2. O alerta: a perda de Arquivos do setor de RH
O maior pesadelo do servidor de Itaperuçu tornou-se realidade: a perda física de documentos cruciais. Fontes indicam que, em um evento lamentável, possivelmente um incêndio ocorrido anos atrás, grande parte dos arquivos de RH, incluindo folhas de pagamento e fichas financeiras antigas, foi destruída.
Isso significa que o seu CNIS não está apenas com “erros”, mas com “buracos” que se tornaram impossíveis de preencher com a documentação original. Se o INSS pedir a comprovação de um salário de 1998, por exemplo, a Prefeitura provavelmente não terá o papel para fornecer.

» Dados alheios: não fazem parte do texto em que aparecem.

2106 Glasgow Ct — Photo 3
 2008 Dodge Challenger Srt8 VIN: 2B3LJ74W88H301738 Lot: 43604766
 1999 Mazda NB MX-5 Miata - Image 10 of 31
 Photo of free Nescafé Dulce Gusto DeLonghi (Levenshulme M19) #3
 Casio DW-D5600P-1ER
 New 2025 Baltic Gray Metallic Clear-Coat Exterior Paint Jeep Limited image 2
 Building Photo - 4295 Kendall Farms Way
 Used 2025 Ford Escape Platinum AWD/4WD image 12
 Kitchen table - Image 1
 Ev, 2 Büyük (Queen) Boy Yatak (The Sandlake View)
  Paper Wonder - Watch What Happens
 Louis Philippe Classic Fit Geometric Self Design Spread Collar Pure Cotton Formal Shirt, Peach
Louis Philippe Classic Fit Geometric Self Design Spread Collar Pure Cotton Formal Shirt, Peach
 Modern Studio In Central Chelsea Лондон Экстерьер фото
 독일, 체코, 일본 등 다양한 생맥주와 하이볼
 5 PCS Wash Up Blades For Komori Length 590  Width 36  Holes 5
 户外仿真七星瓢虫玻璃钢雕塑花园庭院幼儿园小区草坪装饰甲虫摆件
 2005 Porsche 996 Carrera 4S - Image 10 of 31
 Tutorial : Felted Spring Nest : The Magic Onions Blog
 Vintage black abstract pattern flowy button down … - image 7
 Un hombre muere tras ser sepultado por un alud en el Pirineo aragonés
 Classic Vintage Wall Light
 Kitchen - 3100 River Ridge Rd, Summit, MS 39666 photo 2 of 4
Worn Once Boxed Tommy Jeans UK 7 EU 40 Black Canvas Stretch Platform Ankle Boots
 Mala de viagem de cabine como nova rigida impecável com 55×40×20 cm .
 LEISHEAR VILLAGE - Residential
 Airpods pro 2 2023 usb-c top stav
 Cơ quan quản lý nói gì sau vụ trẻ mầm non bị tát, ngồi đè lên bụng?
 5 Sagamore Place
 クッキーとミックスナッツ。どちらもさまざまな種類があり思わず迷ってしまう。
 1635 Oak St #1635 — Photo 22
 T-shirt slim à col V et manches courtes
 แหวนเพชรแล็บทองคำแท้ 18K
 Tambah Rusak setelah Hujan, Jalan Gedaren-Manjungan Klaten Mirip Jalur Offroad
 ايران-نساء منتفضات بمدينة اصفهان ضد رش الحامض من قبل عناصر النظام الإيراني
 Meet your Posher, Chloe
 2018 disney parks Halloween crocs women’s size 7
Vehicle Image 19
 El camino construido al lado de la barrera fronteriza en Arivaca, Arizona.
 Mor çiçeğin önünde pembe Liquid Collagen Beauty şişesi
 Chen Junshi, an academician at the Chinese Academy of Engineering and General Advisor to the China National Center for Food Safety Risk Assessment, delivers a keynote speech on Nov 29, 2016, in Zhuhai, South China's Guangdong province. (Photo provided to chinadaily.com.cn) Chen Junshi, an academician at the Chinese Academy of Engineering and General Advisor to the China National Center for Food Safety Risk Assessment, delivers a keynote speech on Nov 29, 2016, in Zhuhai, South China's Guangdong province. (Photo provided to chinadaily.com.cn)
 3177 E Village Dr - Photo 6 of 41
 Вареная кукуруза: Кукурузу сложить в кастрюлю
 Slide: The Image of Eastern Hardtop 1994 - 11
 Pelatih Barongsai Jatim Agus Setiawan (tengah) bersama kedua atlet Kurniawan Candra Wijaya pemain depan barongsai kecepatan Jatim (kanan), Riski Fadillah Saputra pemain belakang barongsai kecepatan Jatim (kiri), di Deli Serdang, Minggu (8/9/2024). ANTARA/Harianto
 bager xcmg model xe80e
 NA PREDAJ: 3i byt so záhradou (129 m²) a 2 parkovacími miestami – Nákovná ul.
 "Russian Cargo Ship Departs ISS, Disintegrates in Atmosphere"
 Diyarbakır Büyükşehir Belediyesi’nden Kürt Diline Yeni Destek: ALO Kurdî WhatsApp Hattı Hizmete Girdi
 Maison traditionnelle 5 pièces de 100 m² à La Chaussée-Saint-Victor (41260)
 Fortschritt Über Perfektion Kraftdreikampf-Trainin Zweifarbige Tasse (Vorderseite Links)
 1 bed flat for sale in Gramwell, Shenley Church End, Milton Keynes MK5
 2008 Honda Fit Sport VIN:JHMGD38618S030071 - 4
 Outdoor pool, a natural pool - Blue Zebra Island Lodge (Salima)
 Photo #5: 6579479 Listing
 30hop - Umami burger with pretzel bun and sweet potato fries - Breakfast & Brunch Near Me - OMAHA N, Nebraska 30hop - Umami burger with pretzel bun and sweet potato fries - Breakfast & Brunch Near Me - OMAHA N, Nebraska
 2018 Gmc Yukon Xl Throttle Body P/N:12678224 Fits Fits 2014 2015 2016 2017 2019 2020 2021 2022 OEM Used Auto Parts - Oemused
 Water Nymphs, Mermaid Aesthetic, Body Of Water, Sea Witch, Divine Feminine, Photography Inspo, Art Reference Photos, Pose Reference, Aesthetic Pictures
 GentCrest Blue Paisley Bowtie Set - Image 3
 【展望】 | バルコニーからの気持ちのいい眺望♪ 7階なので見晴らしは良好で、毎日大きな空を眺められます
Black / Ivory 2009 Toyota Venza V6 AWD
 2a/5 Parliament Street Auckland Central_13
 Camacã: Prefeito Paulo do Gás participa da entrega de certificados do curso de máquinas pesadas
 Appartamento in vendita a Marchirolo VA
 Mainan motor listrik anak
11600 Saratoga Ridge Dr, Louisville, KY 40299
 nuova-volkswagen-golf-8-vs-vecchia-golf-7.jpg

O resultado é catastrófico: o INSS só considerará o que está no sistema, ignorando o tempo de serviço e os salários de contribuição perdidos.
- O Efeito do Arquivo Queimado: Aposentadoria Reduzida a Salário Mínimo
Temos casos de clientes que viveram esse drama. A Dona Marisa, por exemplo, tinha um salário médio de R$6.000,00 nos últimos anos, mas devido à falta de comprovação dos salários mais antigos perdidos no incidente de arquivo, aparecendo em seu CNIS apenas os salários a partir de 2021, o cálculo do INSS foi forçado a usar apenas as poucas contribuições comprovadas ou a descartar períodos inteiros.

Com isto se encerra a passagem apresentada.